How to complete this task: Drop every picture, then transcribe the remaining data exactly.

━━━

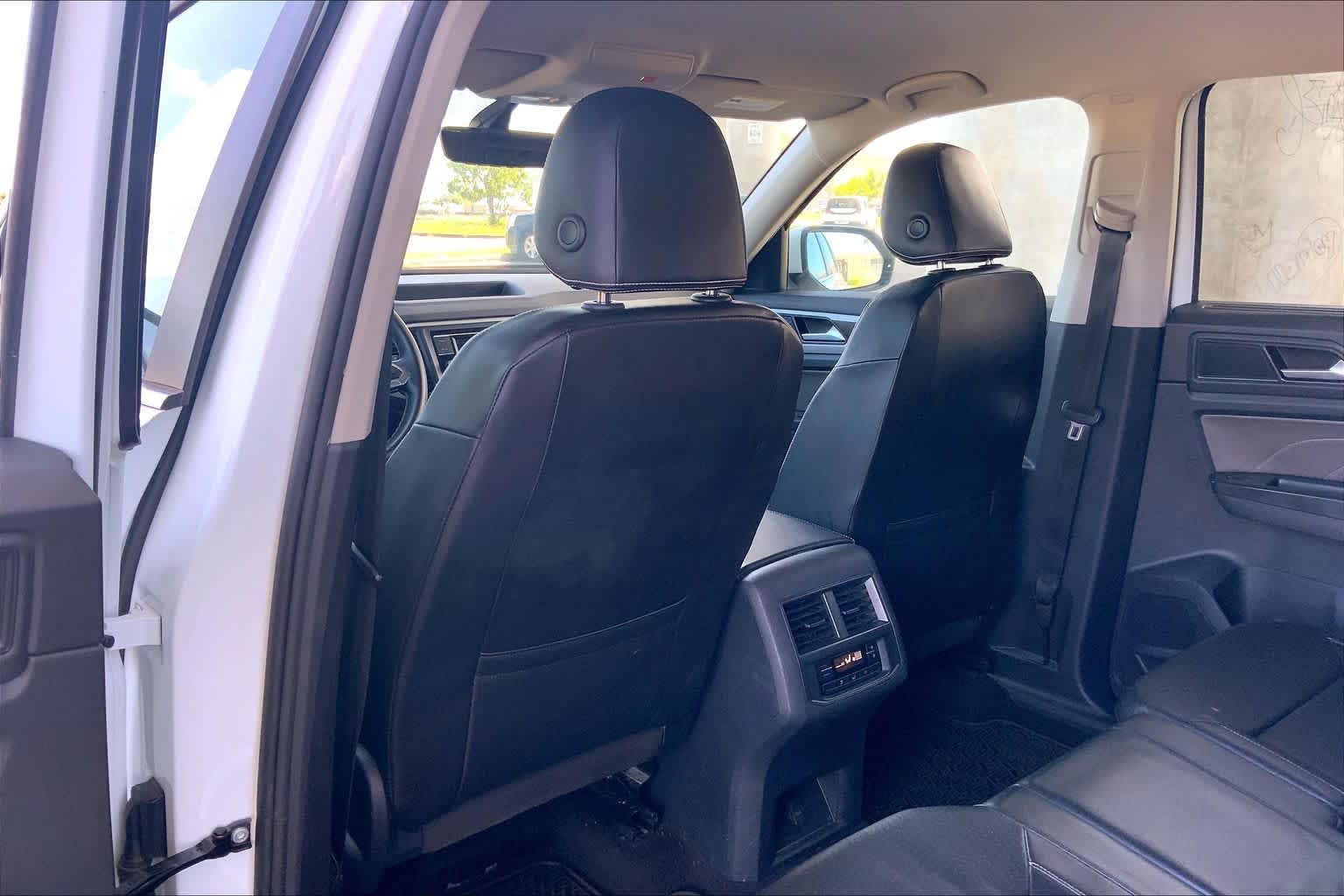 Thumbnail: 2022 Volkswagen Atlas - 11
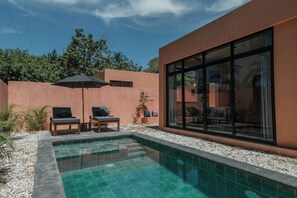 ดีลักซ์วิลล่า, เตียงควีนไซส์ 1 เตียง, วิวสระว่ายน้ำ | ลานระเบียง/นอกชาน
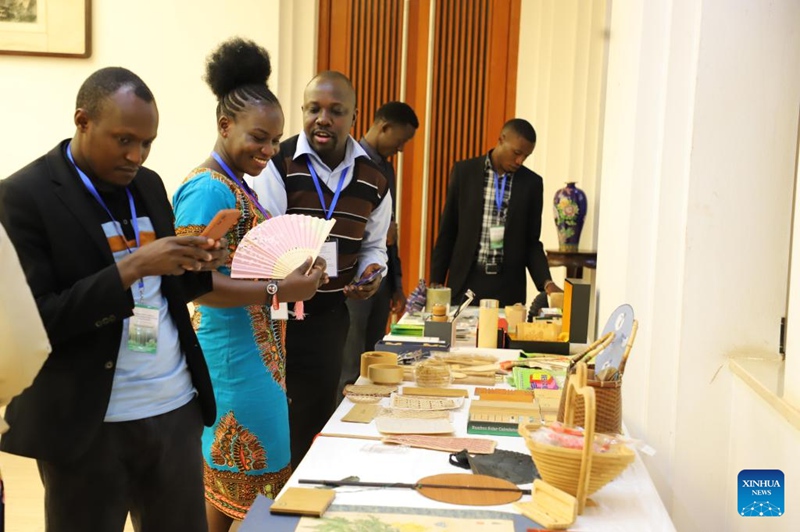 Washiriki wakitembelea maonyesho ya bidhaa za mianzi za China kwenye hafla ya ufunguzi wa Kozi ya Mafunzo nchini Uganda juu ya Uchakataji Mkaa kupitia Matumizi ya Mbao na Mianzi mjini Kampala, Uganda, Machi 16, 2025. (Picha na Ronald Ssekandi/Xinhua)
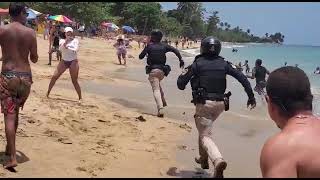 Dominicanos entrando a Puerto Rico en Yola [upl. by Stout]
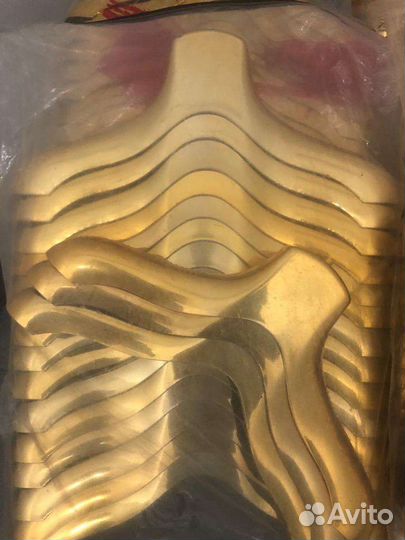 Вешалки -плечики шубные бу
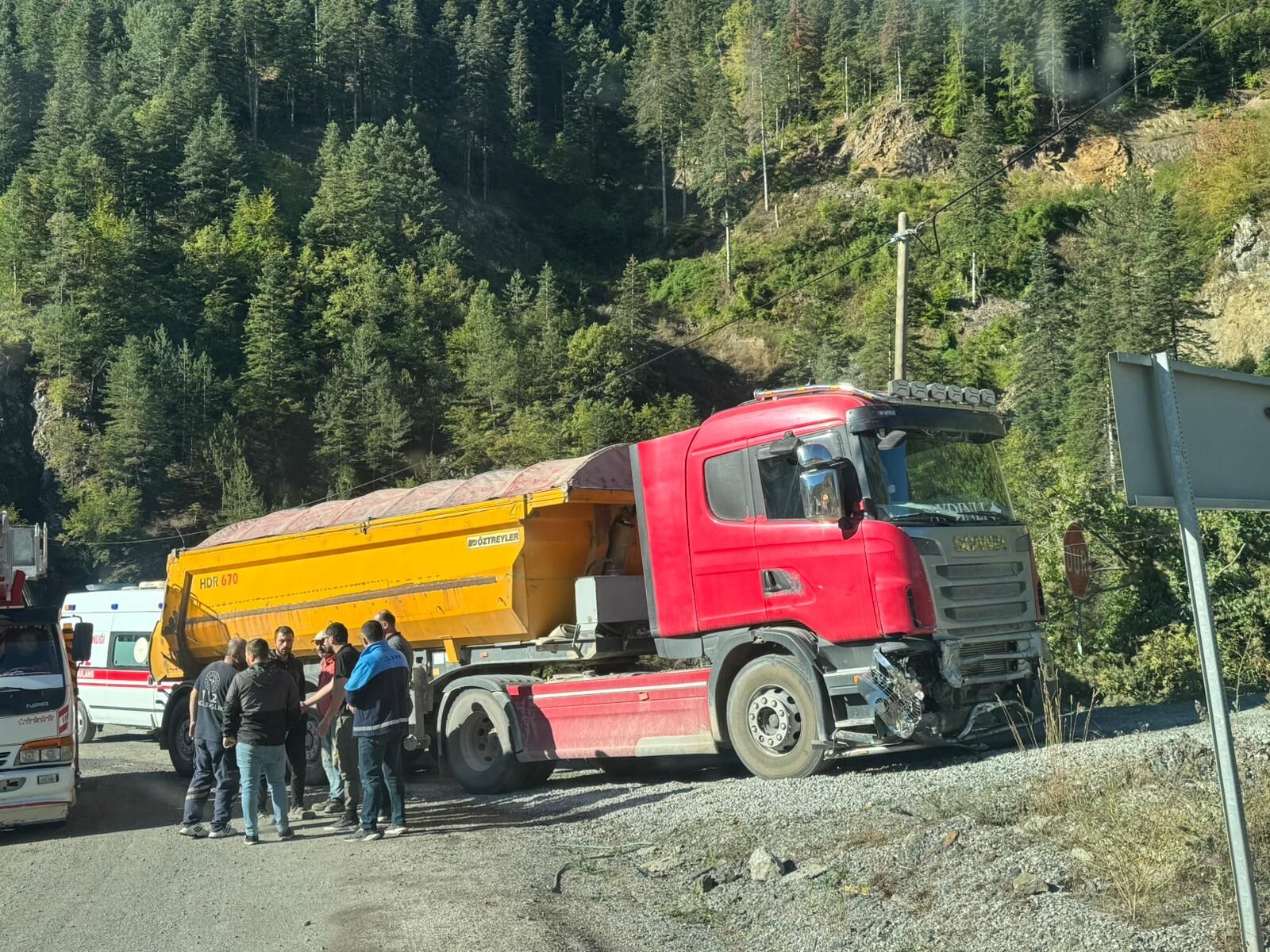 Kastamonu'da Otomobil Tırla Çarpıştı 1 Yaralı (2)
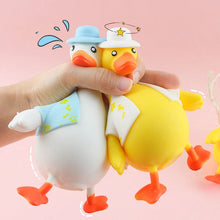 Ladda upp bild till gallerivisning, Stressavlastningsleksaker Dress Up Duck

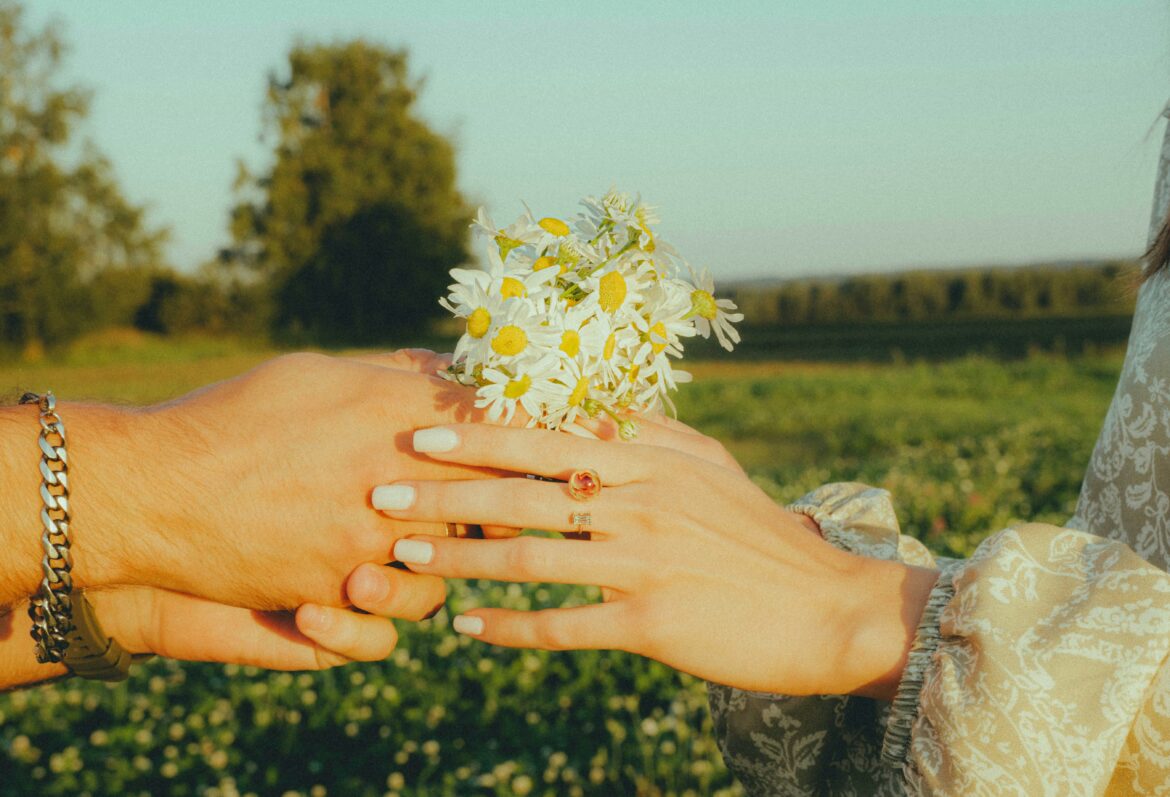 علامات الحب و إهتمام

━━━

Answer for the task:
 Thumbnail: 2022 Volkswagen Atlas - 11
 ดีลักซ์วิลล่า, เตียงควีนไซส์ 1 เตียง, วิวสระว่ายน้ำ | ลานระเบียง/นอกชาน
 Washiriki wakitembelea maonyesho ya bidhaa za mianzi za China kwenye hafla ya ufunguzi wa Kozi ya Mafunzo nchini Uganda juu ya Uchakataji Mkaa kupitia Matumizi ya Mbao na Mianzi mjini Kampala, Uganda, Machi 16, 2025. (Picha na Ronald Ssekandi/Xinhua)
 Dominicanos entrando a Puerto Rico en Yola [upl. by Stout]
 Вешалки -плечики шубные бу
 Kastamonu'da Otomobil Tırla Çarpıştı 1 Yaralı (2)
 Ladda upp bild till gallerivisning, Stressavlastningsleksaker Dress Up Duck

 علامات الحب و إهتمام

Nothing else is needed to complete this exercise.